I just finished Money: Master the Game by Tony Robbins. Great book!
One part that really hit me in the book was the long-term opportunity cost of "little" splurges like regularly hitting Starbucks or eating out. Relatively small monthly expenses may not seem like a lot of money, but they can represent a huge opportunity cost from the standpoint of retirement savings.
For example, let's assume a guy named Joe spends just $5 every morning at Starbucks. Assuming 30 days in the month (to keep it simple), that adds up to $150 a month spent on coffee.

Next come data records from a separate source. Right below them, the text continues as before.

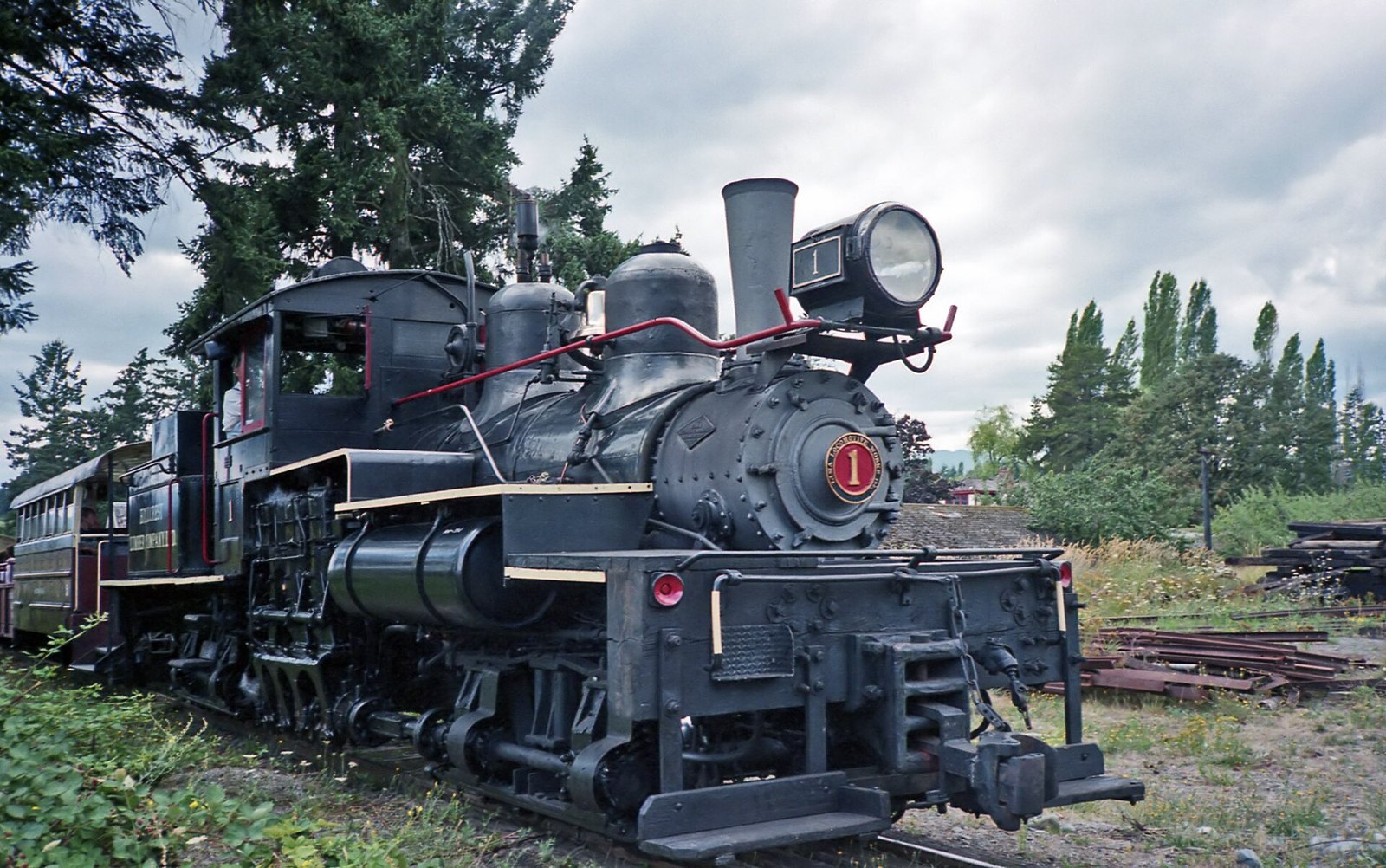 Hillcrest Lumber Co. Shay No. 1 at the BC Forest Discovery Centre (then the Forest Museum), Duncan, 1995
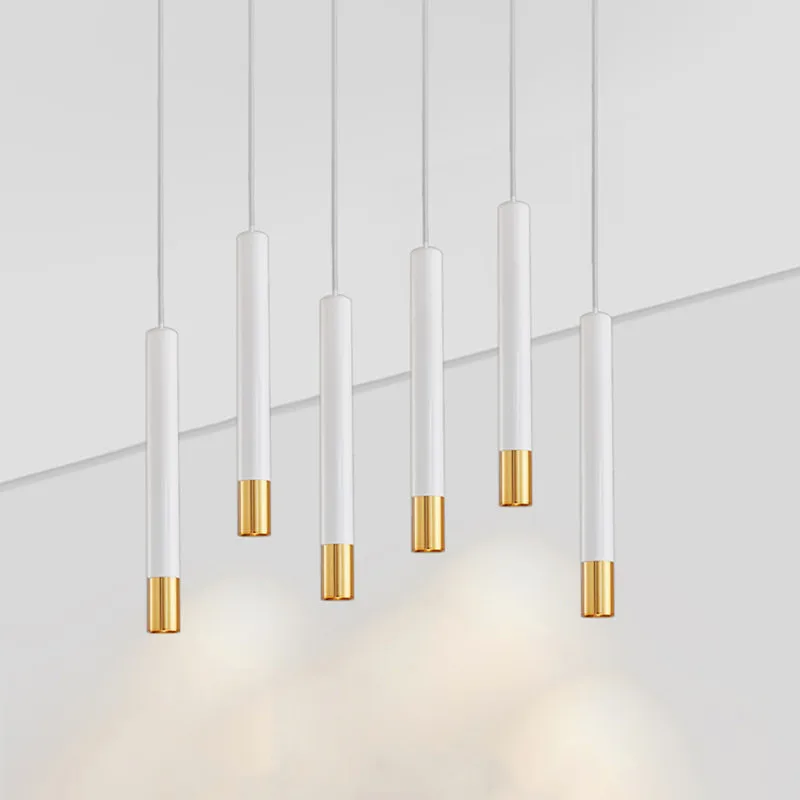 LED Ac220v Nordic Dimmable Pendant Lamp Long  Lamp Decoration Cylinder Pipe Pend - £152.43 GBP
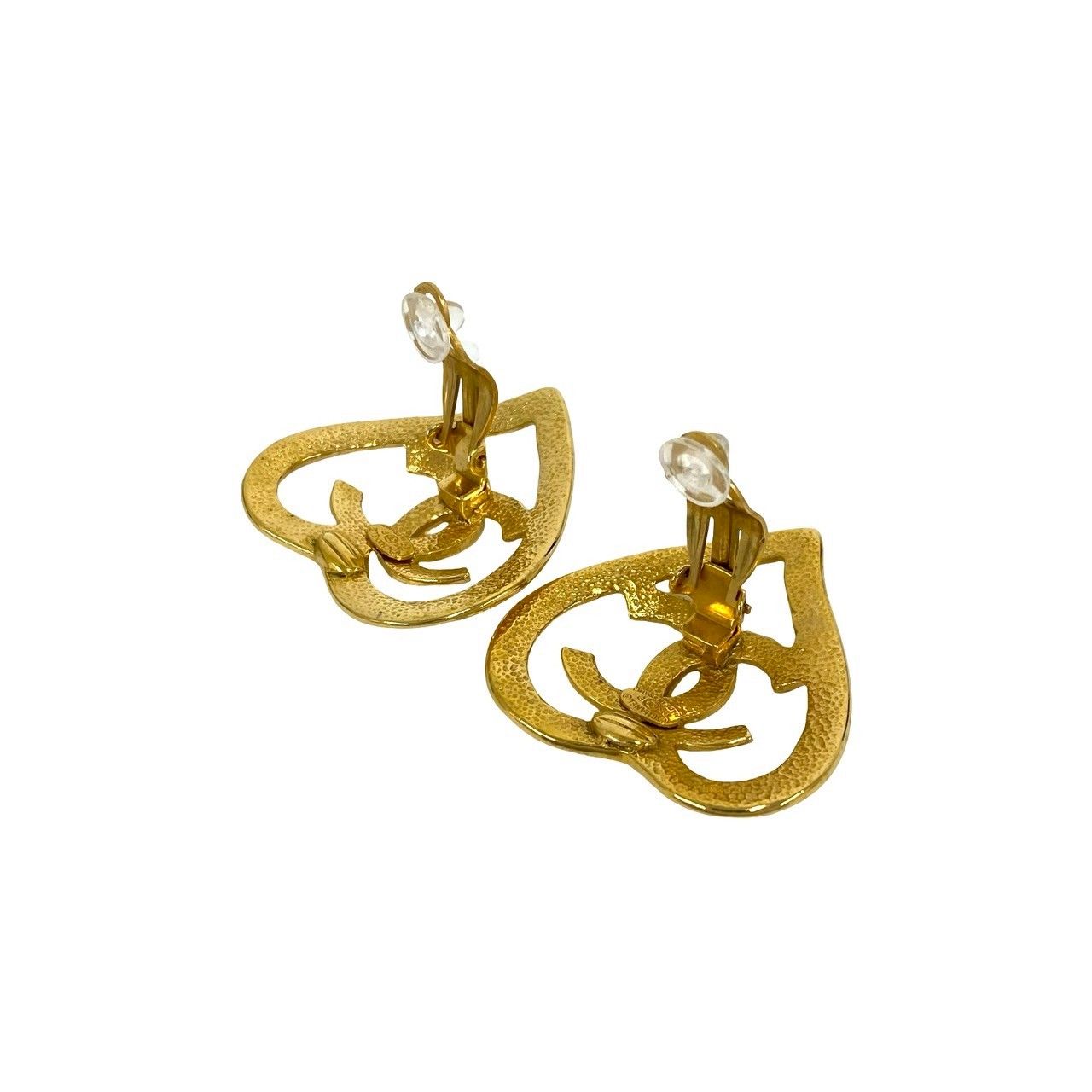Chanel With Rice Vintage CC Logo Heart Motif Earrings Gold — view 7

What if Joe trimmed his Starbucks habit back to a max of $50/month and faithfully invested the $100 savings in his IRA? Assuming just a 5% rate of return on the money, this is what his former Starbucks money would turn into decades down the line:
- 20 years: $41,103.37
- 30 years: $83,225.86
- 40 years: $152,602.02
Wow. Assuming Joe is in his 20s or 30s, he could potentially add well over $100K to his retirement net worth simply by trimming back his Starbucks habit.
Robbins makes the point that there's nothing wrong with spending money on things you enjoy, but keep it within reason. It's important to remember the long-term cost of overspending on little indulgences.
Even if you can't give up the Starbucks or eating out habit, it's probably worth it to see if you can get a better deal on your cable package, car insurance, cell phone plan, etc., then invest the difference into your retirement savings. As you can see (and as Robbins points out), a little discipline today can go a long ways toward a better future in retirement.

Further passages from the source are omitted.